DATASET ENTRIES Block Start

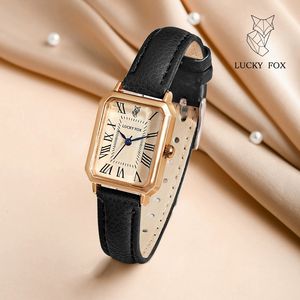 Tomi Luckyfox L19 <span class=keywords><strong>orologio</strong></span> da <span class=keywords><strong>donna</strong></span> Retro piccolo <span class=keywords><strong>quadrante</strong></span> <span class=keywords><strong>orologio</strong></span> da <span class=keywords><strong>donna</strong></span> nuovo di tendenza a basso prezzo semplice Casual da <span class=keywords><strong>donna</strong></span> orologi da polso al quarzo per ragazze - Product Image 2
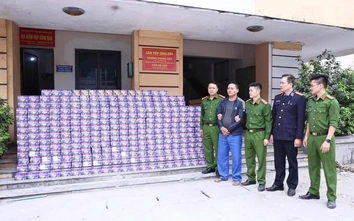 Triệt phá đường dây pháo lậu xuyên biên giới, thu giữ gần 710kg hàng cấm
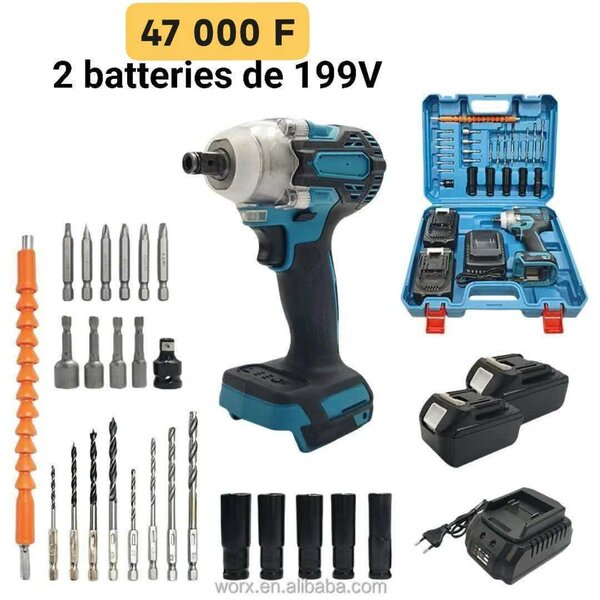Perceuse-visseuse 199V Pro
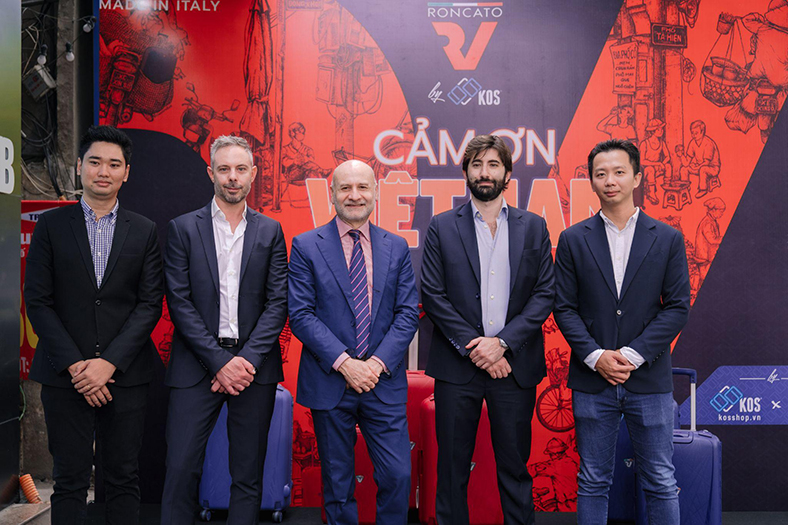 Chọn vali du lịch chuẩn Ý cùng KOS Shop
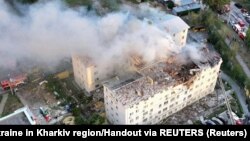 Наслідки російського удару по Харкову, 18 серпня 2025 року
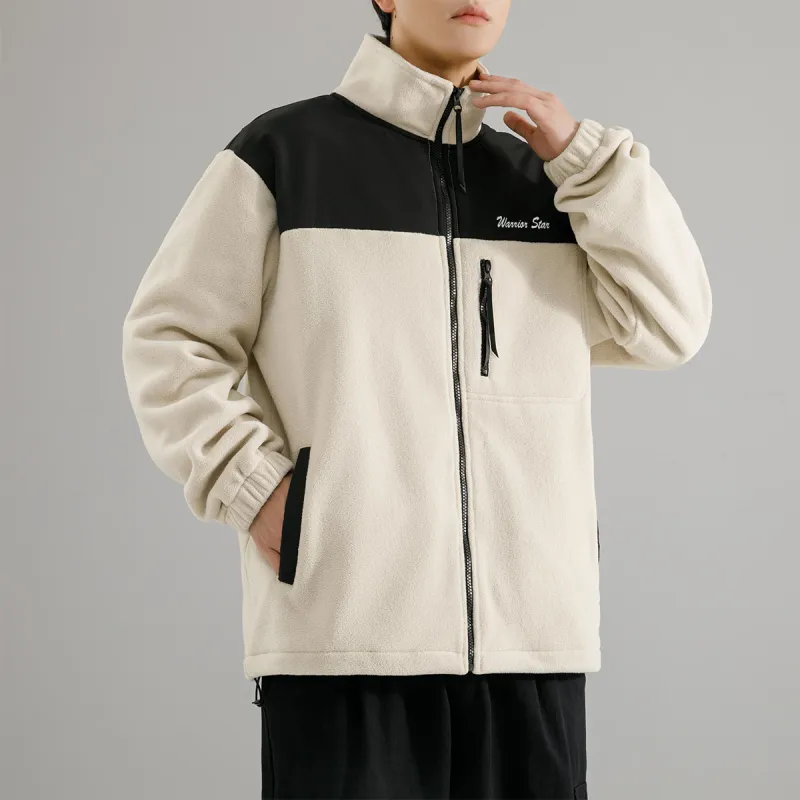 Warrior Velvet feel Coat Unisex-22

DATASET ENTRIES Block End

Where pictures appear, omit them, and transcribe exactly, with nothing else, the lines from the line with "Наслідки російського удару" through the final line of the records above, both ends included.

 Наслідки російського удару по Харкову, 18 серпня 2025 року
 Warrior Velvet feel Coat Unisex-22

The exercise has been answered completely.